March 25th, 2014 § Leave a Comment
I was born into a Korean family. We don’t hug. That’s just the way it is. I’m pretty sure my Father never kissed me … maybe, maybe when I was a baby. But that’s it. And when no one was looking. Now, get this: I have only one memory of my Mom kissing me. And when she did, she did it in secret. Snuck up to my bed while she thought I was sleeping. It was so strange, so foreign to my nine year old self that I continued to pretend I was sleeping. Never asked her about it or made mention of it to anyone. My Father didn’t hug me. My Mother didn’t hug me. I’ve never hugged my Brother.
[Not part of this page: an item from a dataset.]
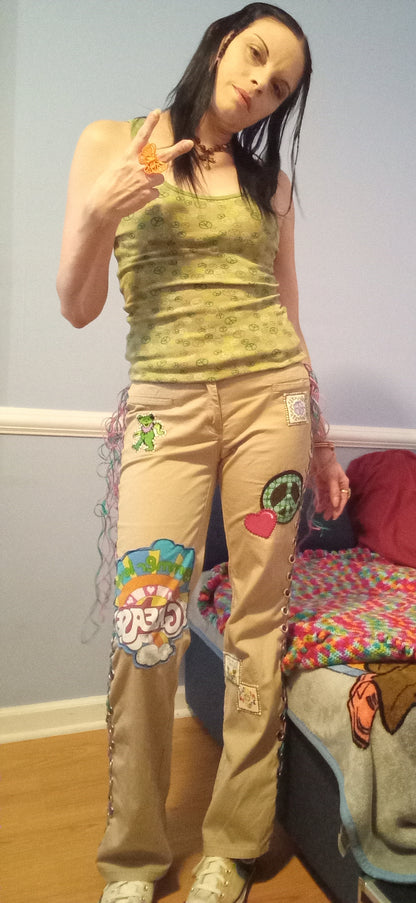 Upcycled Hippie Lace Up Pants - 2/31"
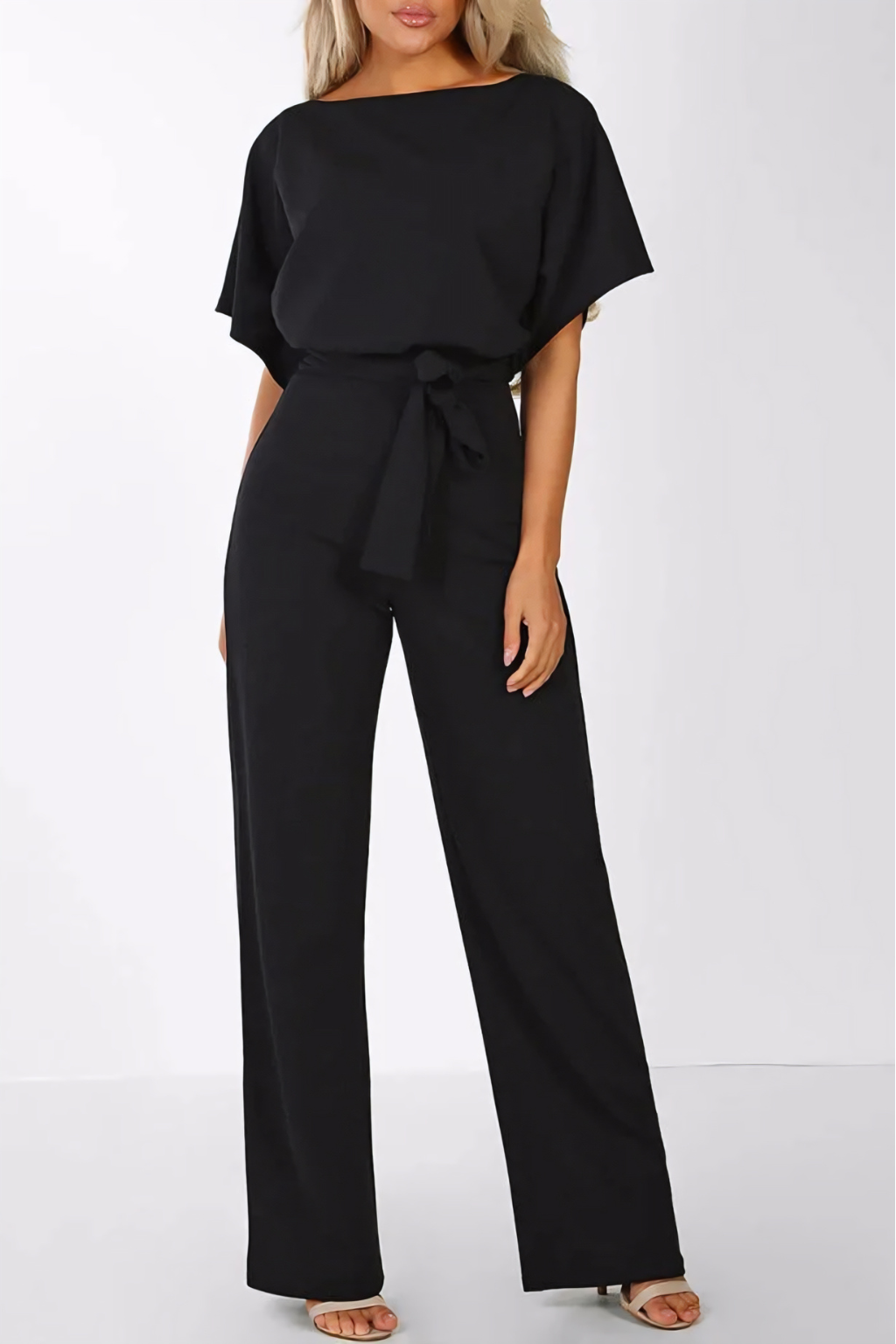 Chic Wide-Leg Belted Jumpsuit – Short-Sleeve Relaxed Silhouette & Modern Ease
My older Brother is the closest person to me outside my immediate family, and yet I’ve hugged casual acquaintances more than I’ve hugged my Brother.
I know it sounds like I’m crying about it. I’m not. I am to a great degree a product of my culture – a culture I have learned to embrace … even celebrate. To illustrate, my Mom around the time of my engagement, broke down and started hugging me and telling me she loves me. When she tells me she loves me, she always does so in English, not in Korean. The Korean “I love you” is awkward. Culturally, it’s an unspoken concept. And so for my Mom to express it verbally, she literally steps out of her culture. She turns to a foreign tongue to do that which is foreign to her – express verbally what she’s felt all my life.
But I’m not letting Koreans or any other culture for that matter off the hook. Culture is real, ought to be considered and respected, but it cannot be left unexamined, unchallenged.
Lately, I’ve on more than one occasion considered the significance of the embrace. First of all, it’s touch. Now, think of what you will not touch: Icky, gross, nasty things. Unclean. And not just the hygienically unclean, right? We avoid touching the lowly, the despised. Touch is an act of joining, to make that other part of me. It’s an act of acceptance and maybe more, an act of reception. The embrace takes touch to another place. It is not creating a bridge. Not merely adjoining or granting access. It’s an enveloping. To open oneself and to hold another within. It’s a whole ‘nother kind of acceptance. Oneness.
Whatever your child is going through, whatever he or she has done, whether reconciliation needs to be worked out or recompense paid, a child ought to do it within the embrace of their Father. Even if their own self shuns them, they ought to find an embrace with you – enveloped in love, acceptance, value.
I’m Korean. Hugging ain’t my thing. But if stepping outside of my culture is going to have my kids experience all that is in the embrace of their Father, then you can believe I’ll be hugging my kids. Still ain’t hugging my Bro though. C’mon.